I just skipped the sequence: one thousand billion, ten
thousand billion, one hundred thousand billion so as not to lengthen my comment and I did it by jumping to the millions directly.
Google translator makes a creeper with the "billions", read my comment in english.
This article reminded me of true atomic wristwatches [0]. If precision gets good enough one day, you could get a synced pair and give one to a friend and compare after the years who has relativistically aged faster :)
Stand-up Maths did a really good (and quite self-deprecating) video of both the Special Theory of Relativity the General Theory of Relativity and how they explain time dilation that helped my brain make sense of what it was having a hard time understanding.
I've had people incredulous at time dilation effects in relativity. I give them the example of this having been directly measured in the 70's. There, they put one clock in the lab and another on a jet and flew it around a bit.
There is something about weed that can slow down time, but your ability to learn is hindered too.
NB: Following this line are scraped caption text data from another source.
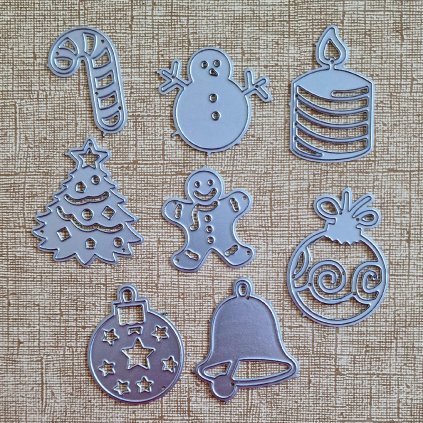 BigShot kovová šablona (8 ks) - š. 1/15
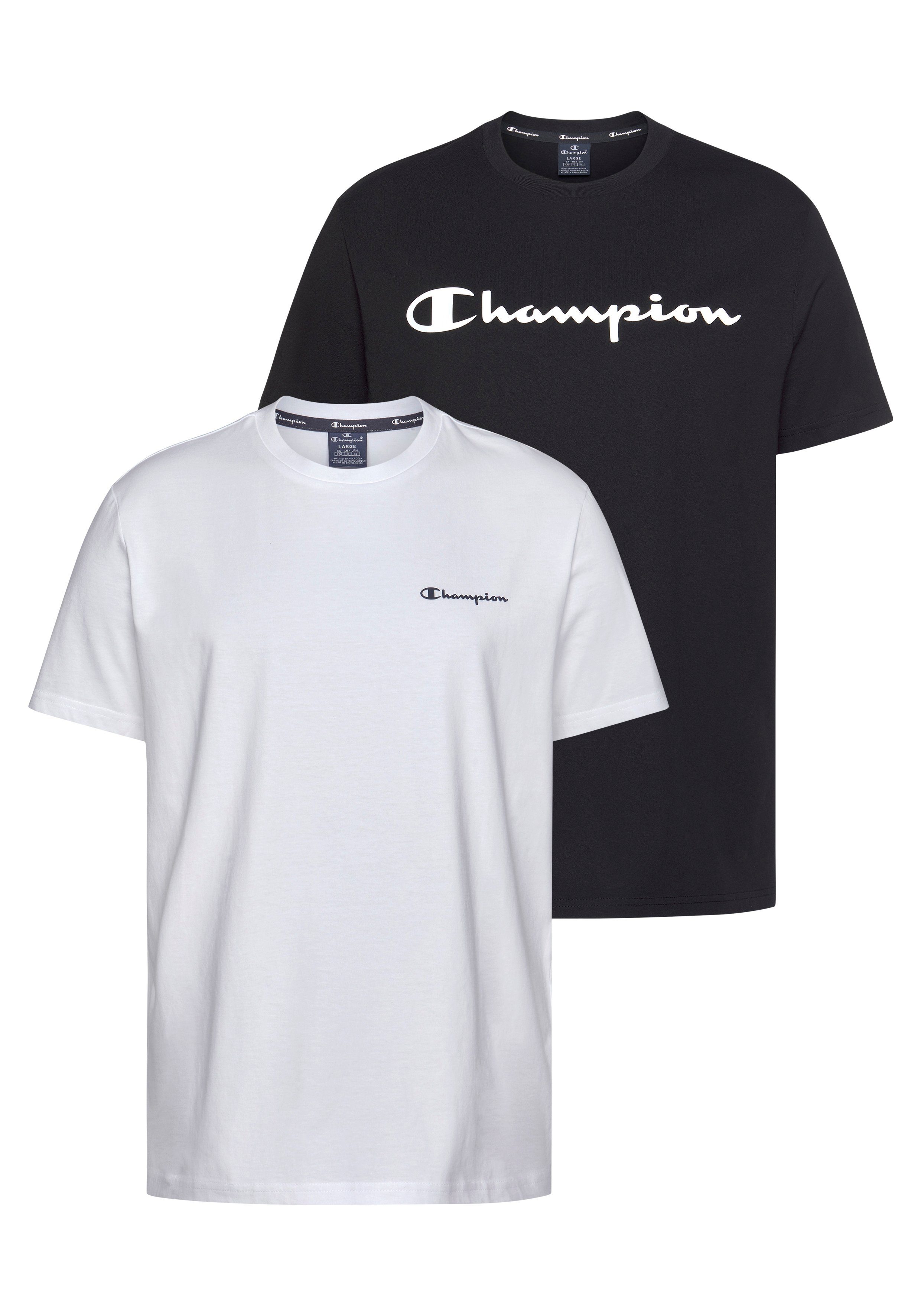 Champion T-Shirt (Packung, 2er-Pack)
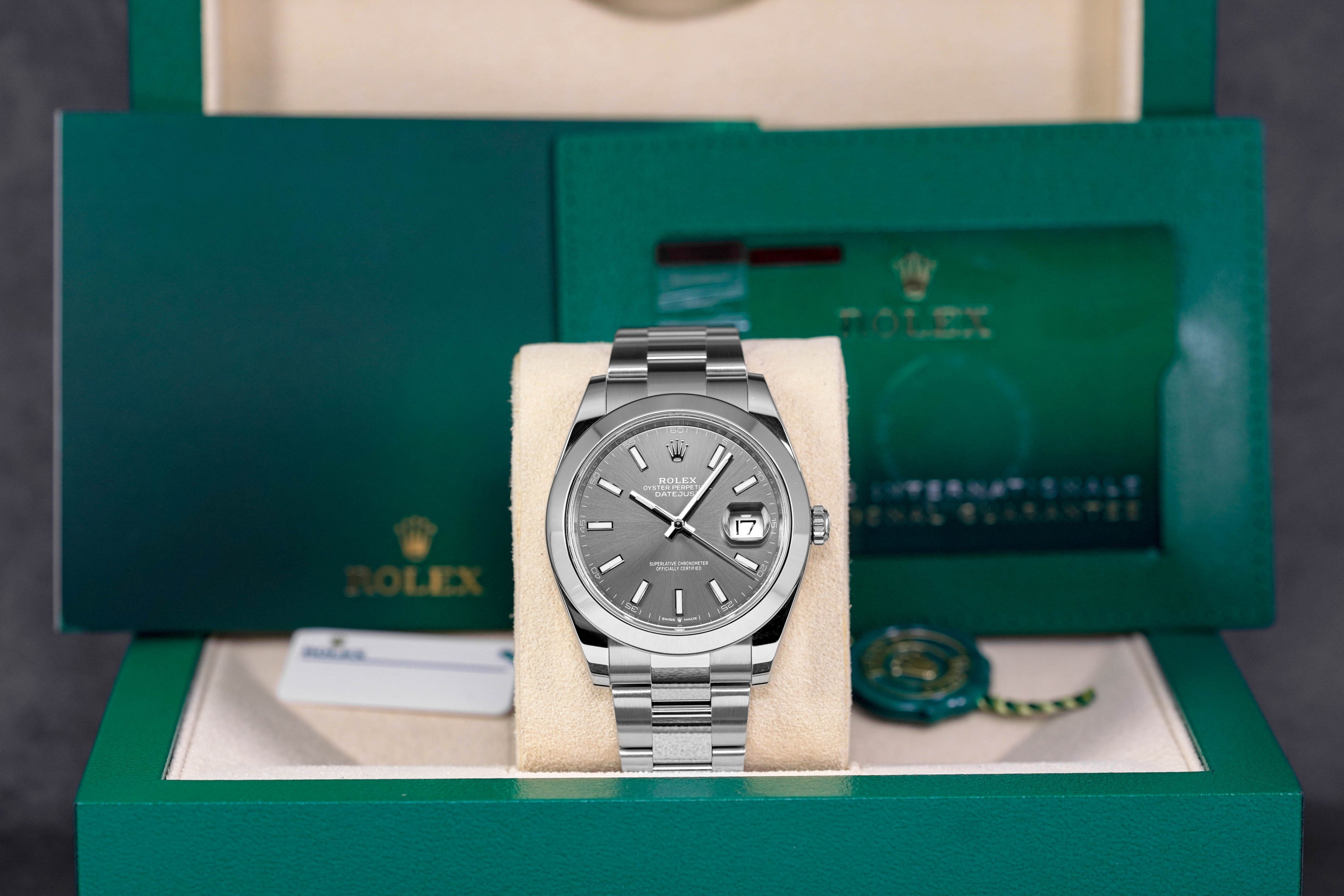 Harga Rolex Datejust 41 Rhodium Indonesia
Question is, how to slow down time and be able to learn a language overnight..
You guys are so boring. I was referring to a joke which tells that when science discovers a way to extract energy out of irregularities in spacetime manifold, the reactor would still boil water to make electricity.
Remember how there was a thought experiment where you couldn't tell the difference between accelerating at 1G in an elevator, or being in a 1g gravity field?
If the elevator is more than a few CM taller than the clocks, now you can. Bolt one to the floor, the other to the ceiling.
If they run at the same rate, it's 1g acceleration. If there is the predicted difference, you're in a 1g field.
Nowhere, i.e. if you are in the falling elevator the tennis balls will fall downwards if it's uniform but any real gravitational field (apart from something of infinite radius) will make them converge gradually towards eachother as they fall towards the CoG
Nowhere in the real world, but that’s okay since we are dealing with thought experiments. An infinite plane of mass is roughly what you’d need so that the contributions of each element add up to a uniform field.
Nowhere. Gravity is just inherently radial. (But if you have a very large spread it can look fairly uniform, of course. Especially if your measure of “flat” is actually curved to the same radius.)
That time is not constant on a scale that lets us measure it from space vs the earth much less from upstairs to downstairs is somehow deeply unsettling. If you're traveling at 10 m/s as you go out of the gravity well you go faster and faster because time speeds up, but your velocity per unit time stays the same.
Something that is really hard for my brain to wrap around in any meaningful way.
During some radio work this became actually a thing in that if you're doing time-of-flight measurements of originating RF energy and one receiver is in a platform flying above and one is on the ground, at high time resolutions you start having to correct for difference in the rate of time. This is definitely something you have to do if you want to get really accurate time from GPS satellites. So freaky it hurts.